D’Artagnan made Planchet lead them to the chateau, and introduced Porthos into his own apartment, where he arrived safely without having been perceived by those he was afraid of meeting.
Chapter VIII. The Presentation of Porthos at Court
At seven o’clock the same evening, the king gave an audience to an ambassador from the United Provinces, in the grand reception-room. The audience lasted a quarter of an hour. His majesty afterwards received those who had been recently presented, together with a few ladies, who paid their respects first. In one corner of the salon, concealed behind a column, Porthos and D’Artagnan were conversing together, waiting until their turn arrived.
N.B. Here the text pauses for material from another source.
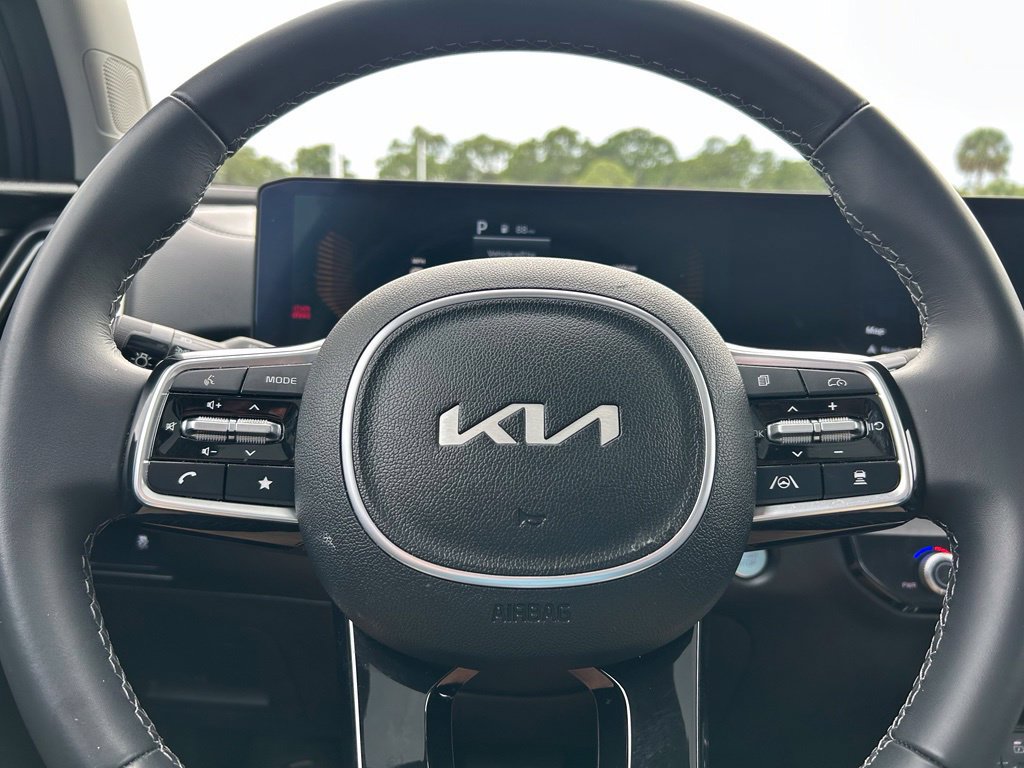 Used 2024 Kia Sorento S w/ Panoramic Sunroof Package FWD image 23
“Have you heard the news?” inquired the musketeer of his friend.
“No!”
“Well, look, then.” Porthos raised himself on tiptoe, and saw M. Fouquet in full court dress, leading Aramis towards the king.
“Aramis!” said Porthos.
“Presented to the king by M. Fouquet.”
“Ah!” ejaculated Porthos.
“For having fortified Belle-Isle,” continued D’Artagnan.
“And I?”
“You – oh, you! as I have already had the honor of telling you, are the good-natured, kind-hearted Porthos; and so they begged you to take care of Saint-Mande a little.”
“Ah!” repeated Porthos.
“But, happily, I was there,” said D’Artagnan, “and presently it will be my turn.”
At this moment Fouquet addressed the king.
“Sire,” he said, “I have a favor to solicit of your majesty. M. d’Herblay is not ambitious, but he knows when he can be of service. Your majesty needs a representative at Rome, who would be able to exercise a powerful influence there; may I request a cardinal’s hat for M. d’Herblay?” The king started. “I do not often solicit anything of your majesty,” said Fouquet.
“That is a reason, certainly,” replied the king, who always expressed any hesitation he might have in that manner, and to which remark there was nothing to say in reply.
Fouquet and Aramis looked at each other. The king resumed: “M. d’Herblay can serve us equally well in France; an archbishopric, for instance.”
“Sire,” objected Fouquet, with a grace of manner peculiarly his own, “your majesty overwhelms M. d’Herblay; the archbishopric may, in your majesty’s extreme kindness, be conferred in addition to the hat; the one does not exclude the other.”
The king admired the readiness which he displayed, and smiled, saying: “D’Artagnan himself could not have answered better.” He had no sooner pronounced the name than D’Artagnan appeared.
“Did your majesty call me?” he said.
Aramis and Fouquet drew back a step, as if they were about to retire.
“Will your majesty allow me,” said D’Artagnan quickly, as he led forward Porthos, “to present to your majesty M. le Baron du Vallon, one of the bravest gentlemen of France?”
As soon as Aramis saw Porthos, he turned as pale as death, while Fouquet clenched his hands under his ruffles. D’Artagnan smiled blandly at both of them, while Porthos bowed, visibly overcome before the royal presence.
“Porthos here?” murmured Fouquet in Aramis’s ear.
“Hush! deep treachery at work,” hissed the latter.
“Sire,” said D’Artagnan, “it is more than six years ago I ought to have presented M. du Vallon to your majesty; but certain men resemble stars, they move not one inch unless their satellites accompany them. The Pleiades are never disunited, and that is the reason I have selected, for the purpose of presenting him to you, the very moment when you would see M. d’Herblay by his side.”
Aramis almost lost countenance. He looked at D’Artagnan with a proud, haughty air, as though willing to accept the defiance the latter seemed to throw down.
“Ah! these gentlemen are good friends, then?” said the king.
“Excellent friends, sire; the one can answer for the other. Ask M. de Vannes now in what manner Belle-Isle was fortified?” Fouquet moved back a step.
“Belle-Isle,” said Aramis, coldly, “was fortified by that gentleman,” and he indicated Porthos with his hand, who bowed a second time. Louis could not withhold his admiration, though at the same time his suspicions were aroused.
“Yes,” said D’Artagnan, “but ask monsieur le baron whose assistance he had in carrying the works out?”
“Aramis’s,” said Porthos, frankly; and he pointed to the bishop.
“What the deuce does all this mean?” thought the bishop, “and what sort of a termination are we to expect to this comedy?”